Impressionism in music (fr. Impressionnisme, from fr. Impression- impression) is a musical direction similar to impressionism in painting and parallel to symbolism in literature, which developed in France in the last quarter of the 19th century - the beginning of the 20th century, primarily in the works of Eric Satie, Claude Debussy and Maurice Ravel.
The starting point of "impressionism" in music can be considered the year 1886-1887, when the first impressionistic opuses by Eric Satie ("Sylvia", "Angels" and "Three Sarabands") were published in Paris - and as a result, five years later, which resonated in professional environment, the first works of Claude Debussy in a new style (first of all, “Afternoon Faun Rest”).
Musical impressionism as a predecessor is primarily impressionism in French painting.

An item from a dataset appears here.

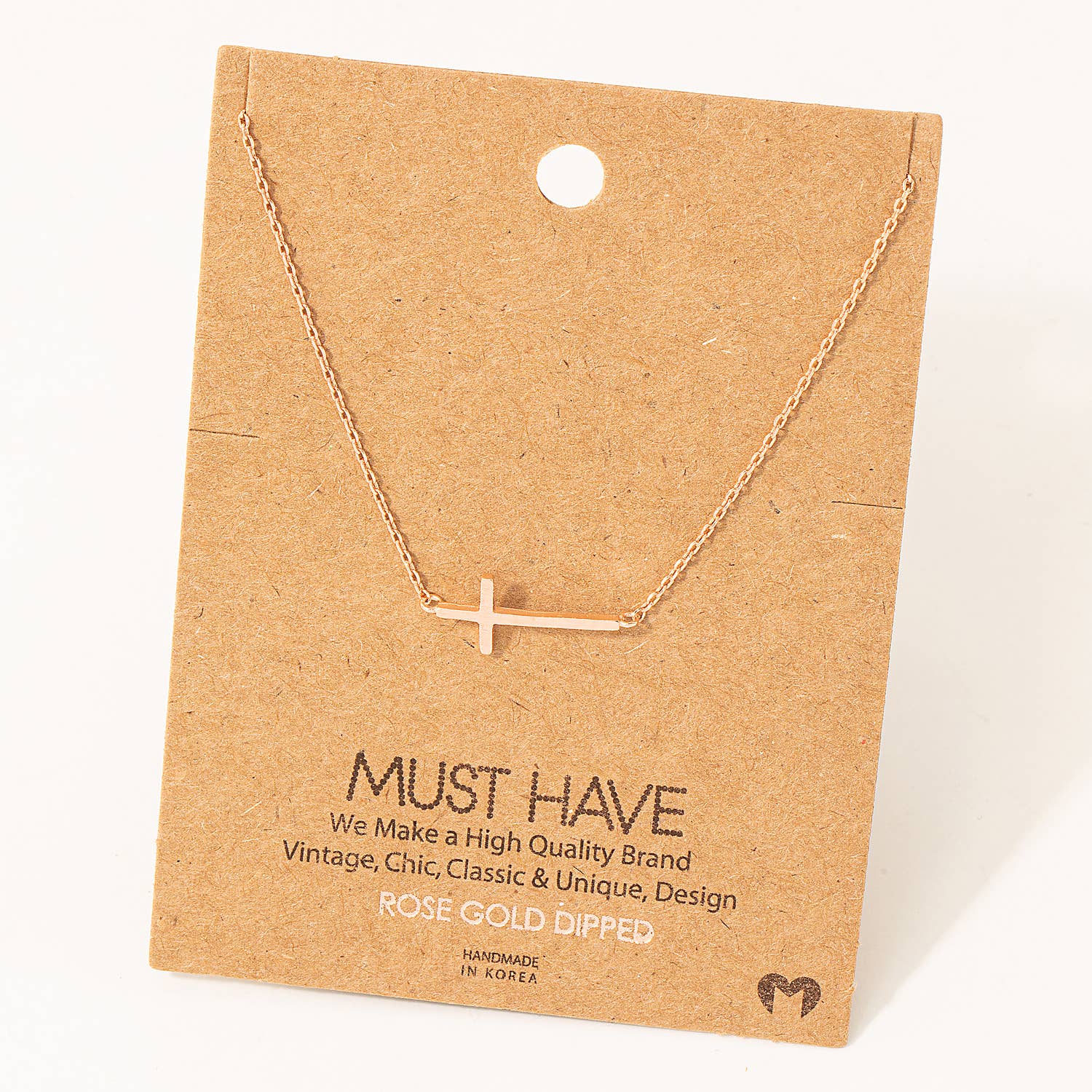 Fame Accessories Side Cross Pendant Necklace: G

They have not only common roots, but also cause-effect relationships. And the main impressionist in music, Claude Debussy, and especially Eric Satie, his friend and predecessor along the way, and who accepted the baton of leadership Maurice Ravel from Debussy, searched and found not only analogies, but also expressive means in the work of Claude Monet, Paul Cezanne Puvis de Chavannes and Henri de Toulouse-Lautrec.
As for the pioneer of the new style, Eric Satie - earlier than anyone else, after the premiere of the opera "Pelleas and Melisande" in 1902, he decisively leaves the growing ranks of supporters of impressionism, and after another ten years - he organizes criticism, opposition and direct opposition to this trend. By the beginning of the 30s of the XX century, impressionism had already become old-fashioned, turned into a historical style and completely left the arena of contemporary art, having dissolved (as separate colorful elements) - in the works of masters of completely different stylistic trends (for example, individual elements of impressionism can be distinguished in works by Olivier Messiana, Takemitsu Torah, Tristan Murray, etc.).